▶ What you have to do: Copy each line below word for word and drop every image.

▶ Data block:
━━━━━━━━━━
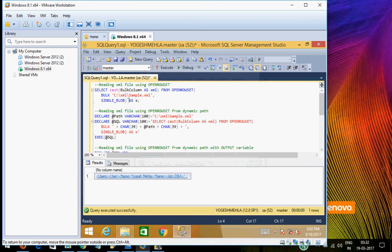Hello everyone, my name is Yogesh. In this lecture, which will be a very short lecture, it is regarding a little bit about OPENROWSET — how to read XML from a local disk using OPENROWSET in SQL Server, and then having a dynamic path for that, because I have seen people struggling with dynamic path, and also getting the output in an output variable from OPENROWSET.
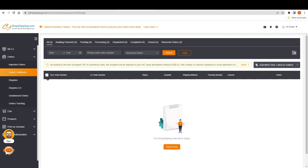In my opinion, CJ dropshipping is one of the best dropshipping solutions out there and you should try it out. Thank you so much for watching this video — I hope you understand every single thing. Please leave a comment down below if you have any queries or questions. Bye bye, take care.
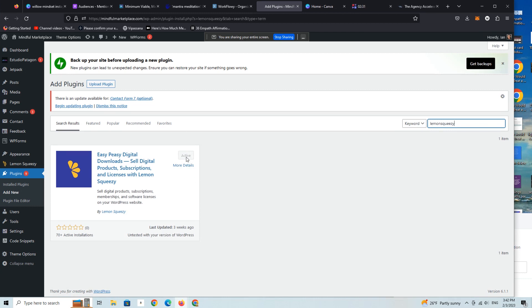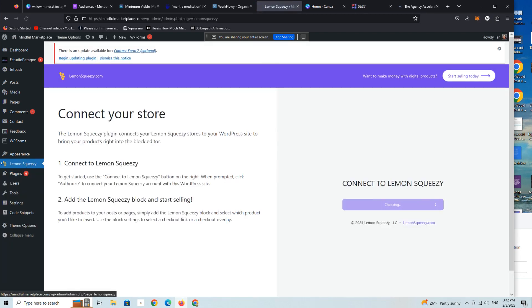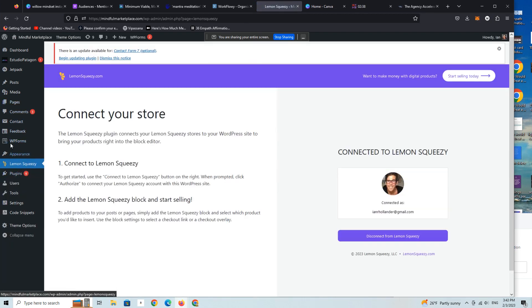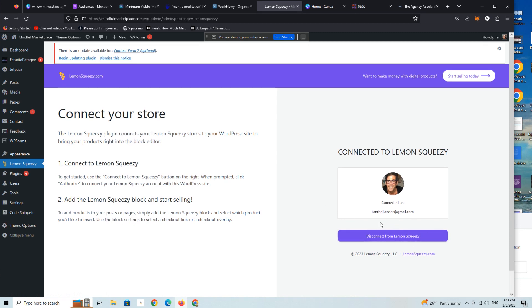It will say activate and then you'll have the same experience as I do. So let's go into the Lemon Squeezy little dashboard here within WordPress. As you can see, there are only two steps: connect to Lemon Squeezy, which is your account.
━━━━━━━━━━
▶ Result:
Hello everyone, my name is Yogesh. In this lecture, which will be a very short lecture, it is regarding a little bit about OPENROWSET — how to read XML from a local disk using OPENROWSET in SQL Server, and then having a dynamic path for that, because I have seen people struggling with dynamic path, and also getting the output in an output variable from OPENROWSET.
In my opinion, CJ dropshipping is one of the best dropshipping solutions out there and you should try it out. Thank you so much for watching this video — I hope you understand every single thing. Please leave a comment down below if you have any queries or questions. Bye bye, take care.
It will say activate and then you'll have the same experience as I do. So let's go into the Lemon Squeezy little dashboard here within WordPress. As you can see, there are only two steps: connect to Lemon Squeezy, which is your account.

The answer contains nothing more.